Mangalore, 31 May 2011: Karnataka Tulu Sahitya Academy president Palthadi Ramakrishna Achar is spending sleepless nights worrying about the reaction that awaits 12,000 Tulu textbooks in the new academic year.
Having achieved a feat in getting the Department of State Educational Research and Training to approve Tulu as an optional language from Class VI onwards, the academy’s euphoria was punctured by the muted reaction from society and teachers.
Explaining the objective to introduce Tulu as an optional language, he said, "Due to a ’communication gap’, the present generation has stopped learning Tulu. In order to prove wrong UNESCO’s prediction on Tulu becoming a dying language, we had decided on textbooks."

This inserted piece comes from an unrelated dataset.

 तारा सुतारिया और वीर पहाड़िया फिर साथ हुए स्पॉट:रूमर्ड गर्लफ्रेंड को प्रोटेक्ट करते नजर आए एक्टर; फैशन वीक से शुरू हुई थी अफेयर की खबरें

"After a lot of effort, the academy printed 8,000 textbooks to be distributed free of cost among students in the previous academic year," Achar said, adding their accomplishment was noticed by academicians in Mandya, but had gone unnoticed in their own backyard.
However, it is the lack of enthusiasm among parents and headmasters that pained Achar. ’Tulu bodchi (we need no Tulu)’ was the common refrain when they had begun approaching schools with the offer to teach Tulu.
Recollecting an incident, he said Moodbidri Block Education Officer had said ’there was no indent for Tulu text books from any school’.
"Can you believe it came from Moodbidri, which is regarded as the cultural capital of Tulu?" he said at a recent programme organised to release the first CD of Tulu Kritis in Carnatic music in an academy premises here.
"12,000 text books will be arriving this week and I am unsure of the reaction this time," Achar rued.